_Source data_
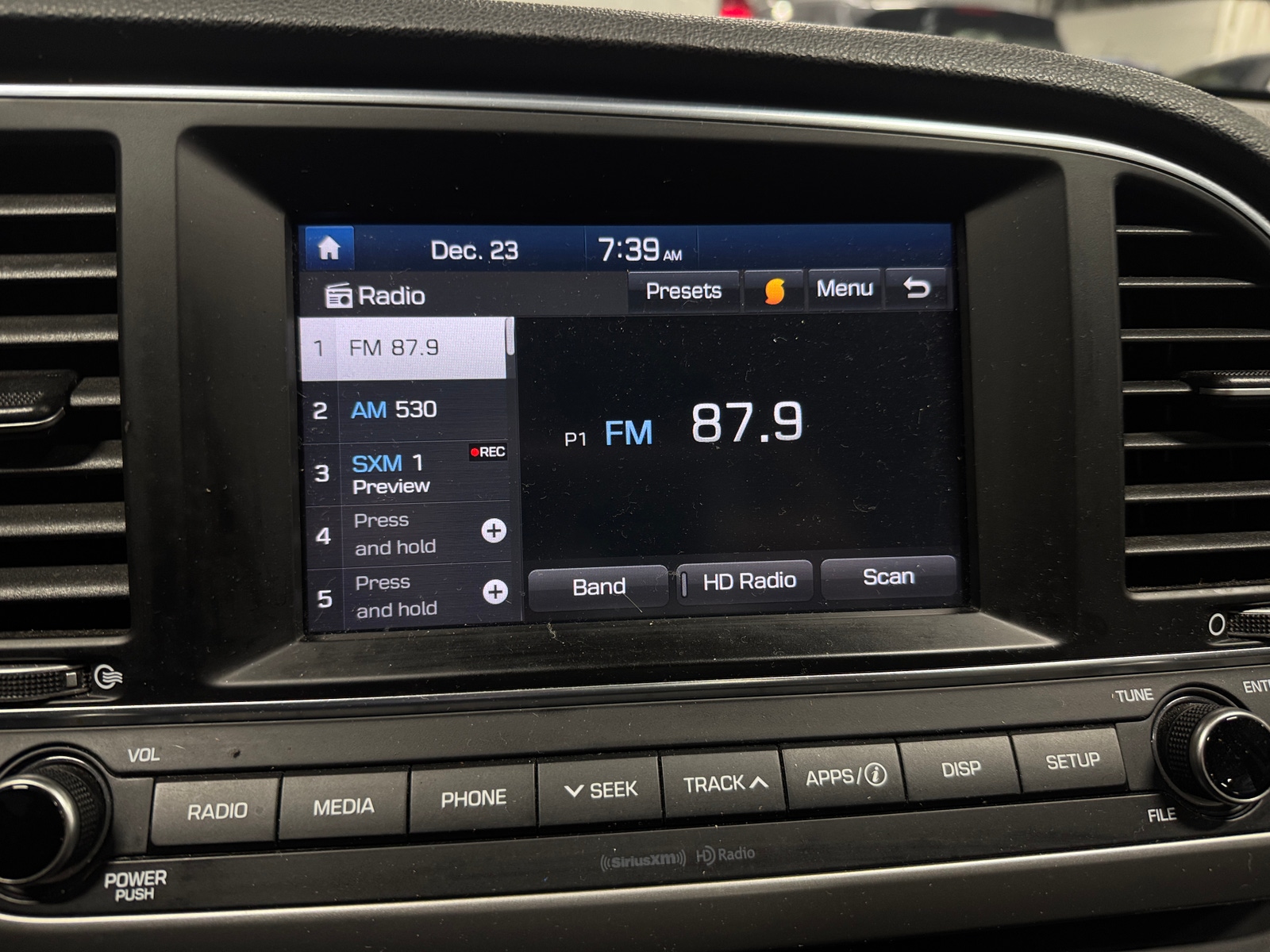 Thumbnail: 2018 Hyundai Elantra - 4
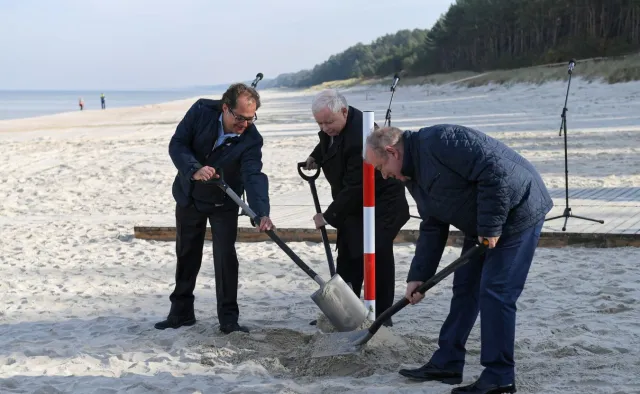 Kaczyński o przekopie Mierzei Wiślanej: Będą mogły przepływać duże okrety wojenne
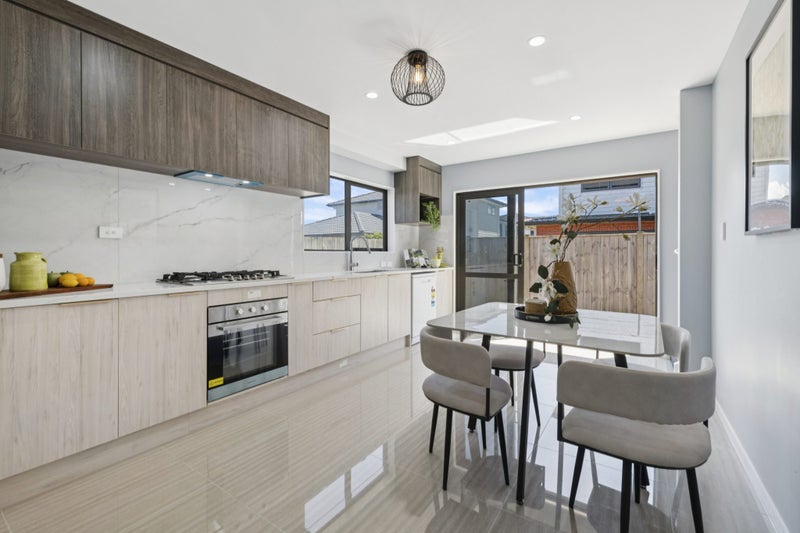 Short Walk to Revere Takanini Sikh Temple64351343857537112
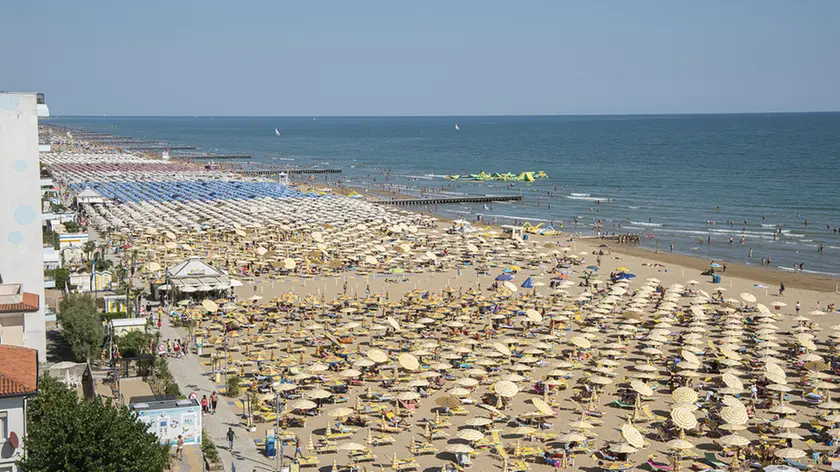 La spiaggia di Jesolo dove saranno istituite zone rosse per la sicurezza dei bagnanti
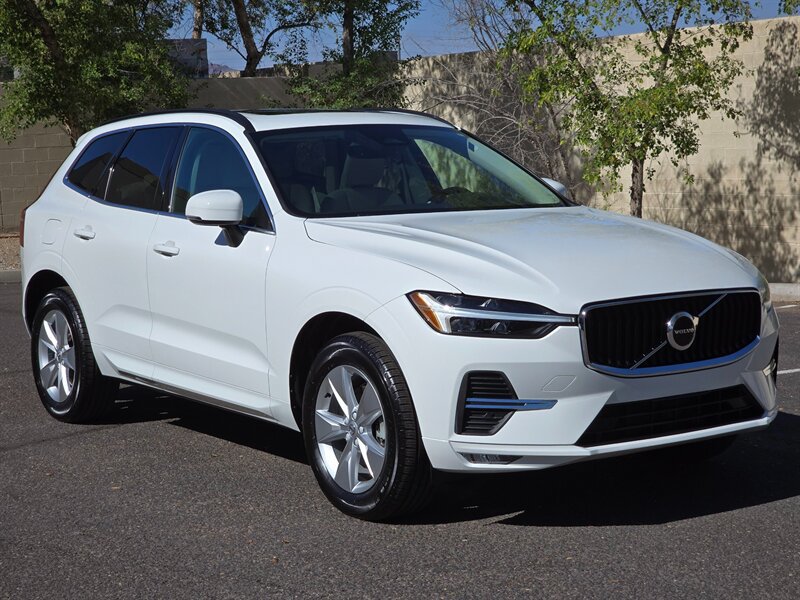 Used 2022 Volvo XC60 B5 Momentum AWD/4WD image 2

_Your objective_
Your response must reproduce the listing above word for word and must contain none of its pictures.

_Task response_
 Thumbnail: 2018 Hyundai Elantra - 4
 Kaczyński o przekopie Mierzei Wiślanej: Będą mogły przepływać duże okrety wojenne
 Short Walk to Revere Takanini Sikh Temple64351343857537112
 La spiaggia di Jesolo dove saranno istituite zone rosse per la sicurezza dei bagnanti
 Used 2022 Volvo XC60 B5 Momentum AWD/4WD image 2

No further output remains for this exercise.